Am I right so far or is this wrong?

I would (if correct) then write

$$X/\sim = A\cup B \cup C \cup \ldots \cup a \cup b ... $$

Tell me if I'm right please.

Also I ask you if you know some GREAT reference about those topics, quotient sets and so on.

Thank you so much!

EDIT

I feel dumb, but I realised, thank to the comments, that the second one is not an equivalence relation. It's not transitive nor reflexive...

Answer 1

For the first relation, you are correct that there are two equivalence classes. They are the even integers and the odd integers.

What students find weird about the way we denote equivalence classes is that $[a] = [b]$ iff $a \sim b$. In your first example relation, the even integers are all equivalent to $0$, so you can call this equivalence class $[0]$. The odd integers are all equivalent to $1$, so you can call this equivalence class $[1]$. Now $2 \sim 0$, so $[2]$ is just another name for $[0]$, the even integers. and $[-1] = [1]$, the odd integers. Et cetera.
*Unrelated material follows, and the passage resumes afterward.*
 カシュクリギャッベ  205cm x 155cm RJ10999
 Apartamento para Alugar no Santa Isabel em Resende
Since there are no other equivalence classes, you can say that $\mathbb{Z} = [0] \cup [1]$, or $\mathbb{Z}/\mathord{\sim} = \{[0],[1]\}$. But $\mathbb{Z}/\mathord{\sim} = 0 \cup 1$ would be wrong; $0$ and $1$ aren't sets so their union is undefined.
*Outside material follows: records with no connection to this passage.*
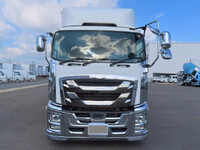 ISUZU Giga Aluminum Wing 2PG-CYJ77C 2019 787,000km_4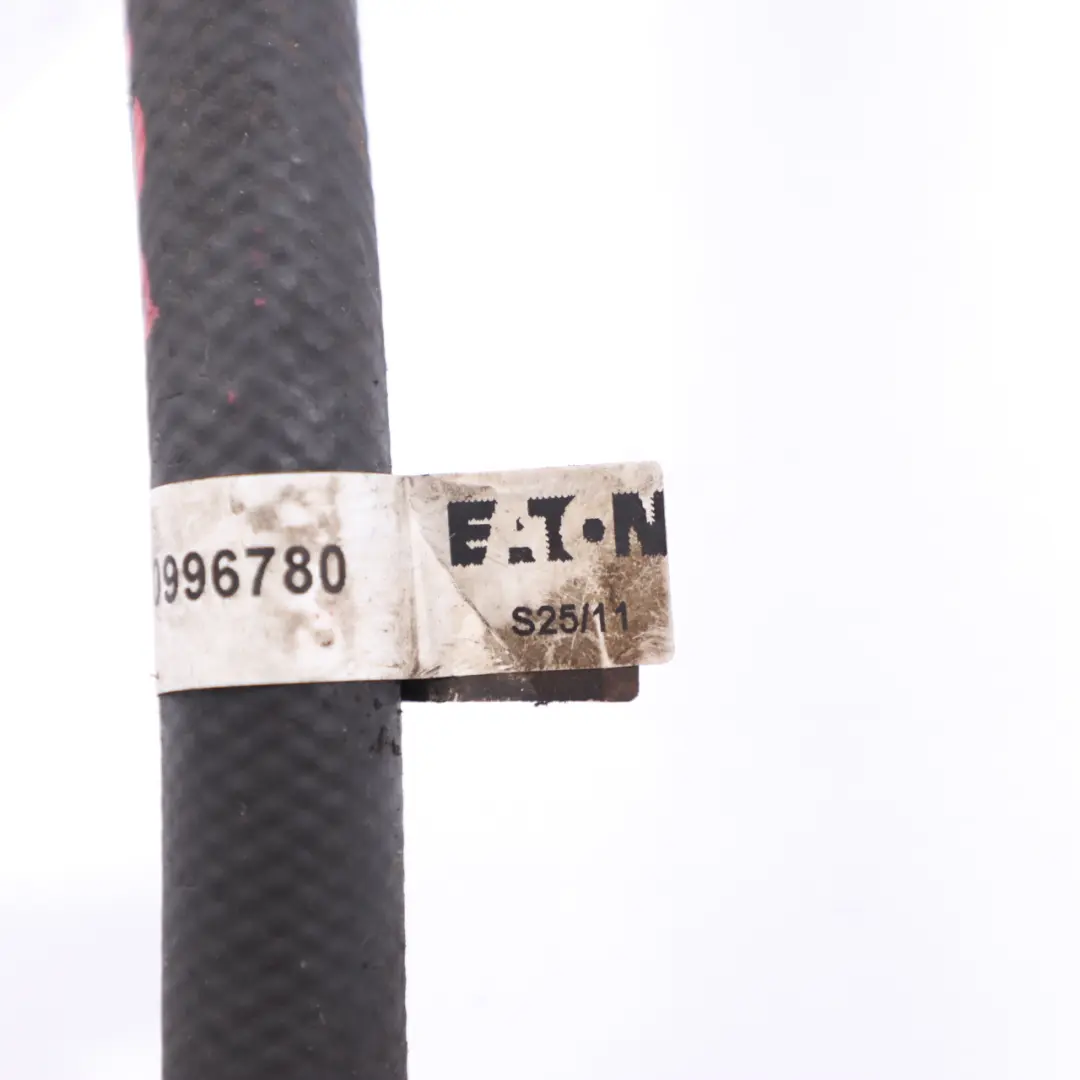  Citroen Berlingo Partner Ligne direction assistée Tuyau d'huile - SKU 9680996780 - Numéro de pièce 9680996780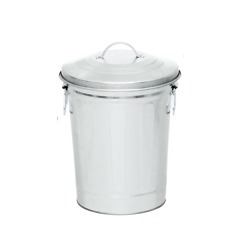 Sinkkisanko kannella 9.5L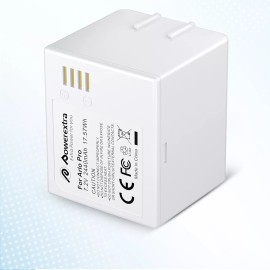 Unbranded Rechargeable Battery for ARLO PRO, PRO 2, LIGHT Camera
As discussed in the comments to your question, the second relation is not an equivalence relation. It's symmetric but neither reflexive nor transitive. We don't consider “classes” for relations that aren't equivalence relations. The best you could say is that the smallest equivalence relation which contains this relation is the first example relation.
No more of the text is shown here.